Hubiere cosa peor que una mujer ambiciosa, que un hombre avaro... Ambición y avaricia sinonimizan un “deseo ardiente de conseguir poder, riquezas, dignidades o fama”. Exclusivo anhelo antes de los hombres; hoy, también de algunas mujeres, a las que les hubiere llegado, no por méritos propios, sino por delegación del poder, el honor ambicionado, sin que honraren la ambición lograda.
“Quien todo lo quiere, todo lo pierde”, dice el viejo refrán. La mujer ambiciosa es leal solo con quien le otorgó el honor de su ambición, mientras aquél ostente la soberanía delegada del poder ambicionado. Ya decía Cervantes que “poca o ninguna vez se cumple con la ambición que no sea con daño de tercero”.
La ambiciosa en el poder ambiciona más poder, bajo la influencia que le otorgare el propio, para atesorar más poder. No busca, ni con su ambición ni con su poder, el beneficio de los más, sino el de los suyos, porque su ambición niega en su pasión el honor de su propia ambición, sin rendir los honores debidos a la ambición lograda. Ebria de poder, la ambiciosa se alía con los diablos de su propia ambición; jamás con los siervos a quienes negare por orgullo, celos o envidia, los honores de su ambición.

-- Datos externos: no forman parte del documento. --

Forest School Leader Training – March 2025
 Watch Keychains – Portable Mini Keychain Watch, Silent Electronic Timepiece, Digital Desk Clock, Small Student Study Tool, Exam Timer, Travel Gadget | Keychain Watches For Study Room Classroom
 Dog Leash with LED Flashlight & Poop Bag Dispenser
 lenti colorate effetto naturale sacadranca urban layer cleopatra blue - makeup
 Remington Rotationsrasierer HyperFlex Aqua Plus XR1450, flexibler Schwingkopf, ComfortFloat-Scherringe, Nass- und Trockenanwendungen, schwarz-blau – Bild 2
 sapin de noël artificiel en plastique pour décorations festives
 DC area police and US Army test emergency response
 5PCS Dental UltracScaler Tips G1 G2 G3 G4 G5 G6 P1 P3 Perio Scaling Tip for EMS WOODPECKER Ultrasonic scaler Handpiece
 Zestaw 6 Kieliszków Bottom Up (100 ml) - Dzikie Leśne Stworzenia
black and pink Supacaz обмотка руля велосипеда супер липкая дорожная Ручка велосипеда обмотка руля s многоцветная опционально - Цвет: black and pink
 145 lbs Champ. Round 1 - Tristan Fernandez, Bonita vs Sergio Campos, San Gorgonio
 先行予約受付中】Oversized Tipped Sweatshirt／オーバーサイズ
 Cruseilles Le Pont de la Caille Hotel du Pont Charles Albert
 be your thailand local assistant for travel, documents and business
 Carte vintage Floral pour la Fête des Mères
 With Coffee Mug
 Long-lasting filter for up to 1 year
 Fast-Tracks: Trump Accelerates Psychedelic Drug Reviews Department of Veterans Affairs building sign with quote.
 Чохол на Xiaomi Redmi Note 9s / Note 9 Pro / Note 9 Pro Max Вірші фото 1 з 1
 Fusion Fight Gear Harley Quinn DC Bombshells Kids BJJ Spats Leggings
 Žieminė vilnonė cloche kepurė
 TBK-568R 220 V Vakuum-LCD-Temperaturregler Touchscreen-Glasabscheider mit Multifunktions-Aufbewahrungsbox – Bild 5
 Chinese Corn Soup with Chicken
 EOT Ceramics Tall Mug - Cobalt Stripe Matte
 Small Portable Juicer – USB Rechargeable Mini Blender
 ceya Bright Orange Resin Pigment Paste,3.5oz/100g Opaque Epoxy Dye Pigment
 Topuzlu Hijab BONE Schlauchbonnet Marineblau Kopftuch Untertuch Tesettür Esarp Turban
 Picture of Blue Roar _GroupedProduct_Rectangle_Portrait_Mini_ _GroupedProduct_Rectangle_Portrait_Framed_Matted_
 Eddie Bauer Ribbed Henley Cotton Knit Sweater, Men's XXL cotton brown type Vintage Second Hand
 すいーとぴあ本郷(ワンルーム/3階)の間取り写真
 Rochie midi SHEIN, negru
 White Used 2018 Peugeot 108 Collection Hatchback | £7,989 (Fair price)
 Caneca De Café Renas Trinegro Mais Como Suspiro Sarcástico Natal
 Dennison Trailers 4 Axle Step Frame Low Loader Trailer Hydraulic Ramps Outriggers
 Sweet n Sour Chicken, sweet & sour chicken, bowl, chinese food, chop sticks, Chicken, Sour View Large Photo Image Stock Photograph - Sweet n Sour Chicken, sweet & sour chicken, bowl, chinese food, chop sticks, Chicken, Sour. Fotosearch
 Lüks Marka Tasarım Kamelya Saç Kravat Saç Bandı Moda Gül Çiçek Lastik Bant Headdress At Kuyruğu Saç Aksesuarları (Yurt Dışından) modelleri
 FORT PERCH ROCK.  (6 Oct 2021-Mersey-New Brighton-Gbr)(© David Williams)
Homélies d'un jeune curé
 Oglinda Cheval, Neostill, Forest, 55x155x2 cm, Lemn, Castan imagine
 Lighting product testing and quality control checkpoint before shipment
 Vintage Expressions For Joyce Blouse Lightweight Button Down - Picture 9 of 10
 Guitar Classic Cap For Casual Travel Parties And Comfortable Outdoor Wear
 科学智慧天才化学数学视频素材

Cree la ambiciosa que su “ardiente deseo” no fenecerá nunca si se rodeare de siervos, esclavos de su ambición y poder; pero más dura será la caída cuando constate que los siervos no la sirvieron con lealtad, sino por obediencia debida; y que los criados que no quiso para sí serán los únicos que lo lamenten, aunque para ellos no hubiere pizca alguna de la bondad de su corazón, si lo tuviere humano.
Érase una vez una mujer que, ya en el poder, manifestó que de ese tren “jamás se bajaría, una vez subido a él”. Despedida por el revisor general, cuando llegó el día de su caída, los que creía amigos, celebraban su apeadero como si fuere su propia victoria; a quienes tuvo por adversarios, mantenían un respetuoso silencio meditabundo sobre la levedad del ser humano. A los primeros les dedicaba sonrisas y palmeos; les dejó hacer, sin que poco hicieren; a los segundos, les maltrató de palabra y obra, como los malvados hombres hacen con ellas mismas. Nadie lloró su pérdida; la mayoría se alegró en su despedida. Perdió esa mujer el tren del que nunca se iba a bajar por su propia ambición desmedida, que cegó sus ojos y el corazón que no tuvo para sus leales, sino para los adversarios que fue incapaz de ver en su camino, porque ni siquiera a sus siervos le otorgó el don de la palabra.
La ambiciosa congrega a más enemigos que amigos porque, a quienes cree amigos, serán sus mayores adversarios el día de mañana; y a quienes vio como enemigos, advertirá que fueron sus aliados. La ceguera de la ambición confunde sus olores y sabores, porque “ambiciona el honor, no honra la ambición”. La ambición mata la propia amistad de quien se sirve de ella, pero no la sirve cuando se la necesitare. La amistad ambicionada solo por la propia ambición no servirá más que en tiempos de vacas gordas, nunca de las flacas, porque la preeminencia del poder de la ambición anula aquélla, arrastrándola hacia el abismo de las debilidades humanas.
No tiene cuotas la ambición femenina, que se apoyare sobre sí misma, pero no por las migajas que hoy le otorgaren los avaros hombres que históricamente se la negaron. La ambición puede ser plural, pero es singular en la manifestación de quien la personifica y la hace suya no como servicio público, sino como simple medro personal. No extrapola la mujer ambiciosa el vicio con que se viste, sino en los vestidores exclusivos de la ambición del poder, allí donde quedará un día inhumada la ambición misma que no honró su propia ambición. Como los hombres que un día le negaron su legítima ambición: la de ser su compañera y no sierva; la de amiga y no esclava.